What happens next is pretty paint-by-numbers stuff. Reno and some grunts go back to 70 million B.C. and most of the men are either eaten by dinosaurs or killed by acid-spewing plants. Reno finds his brother and the time-displaced squad and sends them back to 2008, but a t-rex somehow sneaks into the wormhole and shows up in downtown L.A. As is usually the case when dinosaurs appear in a modern American city, complications ensue. It’s tedious and not at all fun, but it wouldn’t be so bad if anyone, from director Griff Furst and writer Paul Bales to any of the forgettable cast, had tried even a little bit. But the already terrible dialogue is delivered in the stiffest fashion possible, and every emotion, from fear to anger to sadness, is summed up thusly: “Ah, shit!” Furst tries to get by on his miniscule budget by zooming in on whatever action happens to be going on. So when some guy is eaten by a dinosaur, you’re more likely to see a close-up of the guy’s vest and maybe the dinosaur’s eye, along with some screaming sounds, than anything else. The SEAL team spends much of their time in the Cretaceous period wantonly shooting at nothing at all, and all the gunfire sounds suspiciously like paintball guns.
By the time the film his the 45 minute mark, you’ll be wishing for some temporally-challenged velociraptor to show up in your living room and chomp your head off. But “100 Million BC” persists, stretching out what should be a 15 minute chase-the-t-rex-through-L.A. sequence into another 45 minutes of torture. It could’ve all been over so much faster if The Asylum had only shelled out a few bucks for a good car chase. Instead, the surviving cast members run laboriously through L.A., trying to lure the t-rex into a tunnel, though it’s a plan that, like the movie itself, ultimately goes nowhere.
This was my first outing with an Asylum movie, and as much I as admire their (half-assed) can-do spirit and money-making savvy, I don’t think I’ll be going back. “100 Million BC” exists somewhere beyond the “so-bad-it’s-good” category and watching it is more on par with sitting through a moderately-painful dental procedure than settling down with a good bad movie.
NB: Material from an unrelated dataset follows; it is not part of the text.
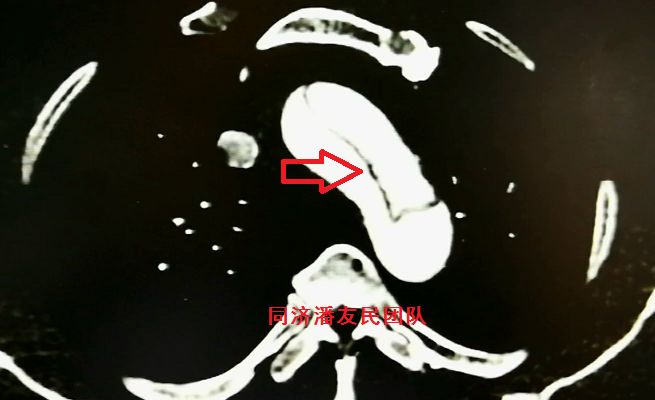 诊断主动脉夹层最简单有效的方法,心脏主动脉夹层是什么原因造成的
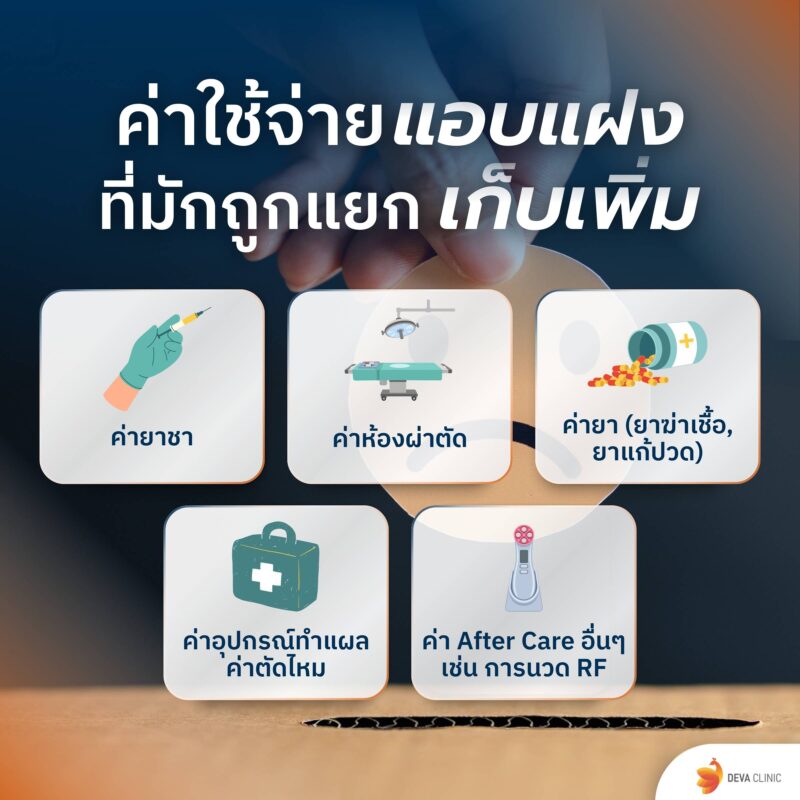 ค่าใช้จ่ายแอบแฝง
My tolerance for bad movies is formidable, but there were more than a few times that I got up from the couch, puttered around in the kitchen and returned, hoping against all home that the movie miraculously ended while I was gone. But it didn’t, and now I’m another 90 minutes closer to death with nothing to show for it. If there’s anything to be gleaned from “100 Million BC,” it’s that, no matter how useful it may seem, time travel is a universally bad idea and will result in unexpected dinosaur side-effects. A valuable lesson, but not one worth sitting through “100 Million BC” for.